I return to the kitchen and watch to make sure they return to the nest. They do, or at least the female does – I don’t know what the male does while she sits on her six eggs. I see him on his little rowan perch, bathing in his makeshift bird bath. He is part of this garden and I love him, I love them both. This place has nothing of the magic of the New Forest but it has the potential to have six more robins than it had a few weeks ago. I’m absolutely determined that it will.
We had, perhaps, not factored in the possibility that Mum had forgotten how to grow tomatoes. She used to grow them every year but stopped when she had her haemorrhage and hasn’t tried since. It has been at least five years. I try to direct her from Brighton.
‘Show me photos,’ I say on the family group chat. She keeps forgetting, tells me she’s tired from (still!) weeding the path and watering. I’m worried she’s overdoing it, that she’s taken on this task and is giving it too much, that the weedy path is distracting her from the tomatoes.
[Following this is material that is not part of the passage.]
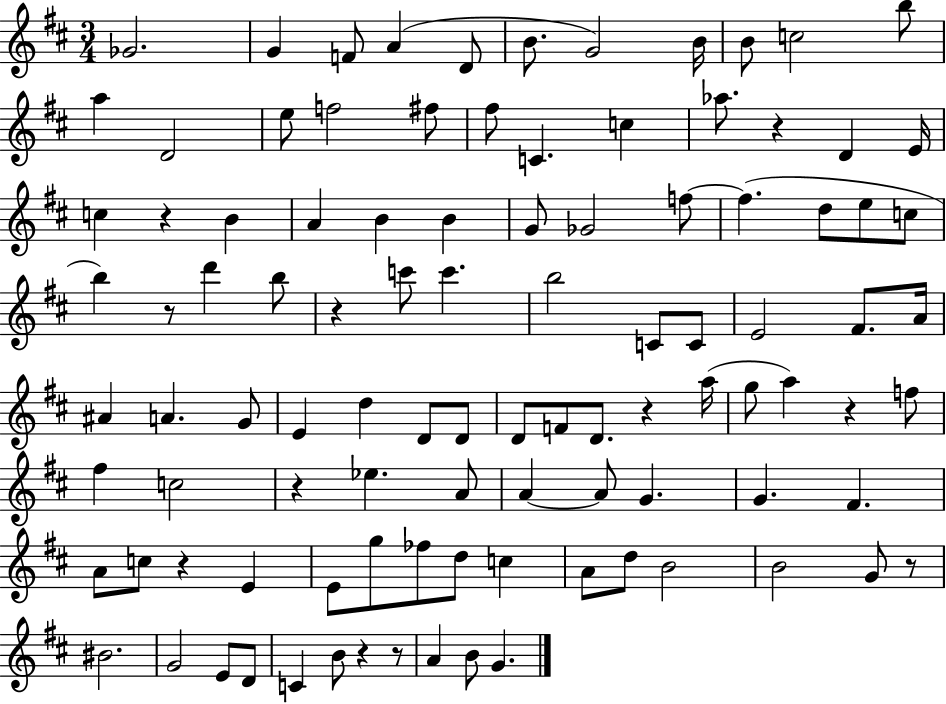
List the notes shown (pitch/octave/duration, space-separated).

Eventually, after much nagging, she sends me images of plants in too-small pots, supported by enormous bamboo canes that are very loosely tied to not very much at all. Ah. I suggest she repots them into slightly larger containers, pushes the canes into the compost rather than leaves them loose, and sends me more regular updates.
As well as the tomatoes and sweet peppers, she is also growing basil. She was going to grow it from seed before I suggested she buy a pot of basil from the supermarket and then divide up the rootball, potting each young plant up separately. Supermarket basil is actually lots of plants crammed into one pot together; they have few roots for the amount of leaf and don’t live long (they’re not supposed to). But if you remove them from the pot, separate the individual plants and pot them into containers of fresh compost they will develop more roots and grow into strong plants. It’s a much easier way of growing basil than from sowing seed. However, these too are looking straggly and sick, and are also being supported by bamboo canes. I suggest she cuts them back and waters them a bit less often. ‘OK!’ she says.
All but one of the pumpkin plants has been eaten by snails.
‘Have you thought about removing slugs and snails from the greenhouse, Mum?’
‘Great idea!’ she says. I tell her I’m worried Stanley won’t have any pumpkins for Halloween.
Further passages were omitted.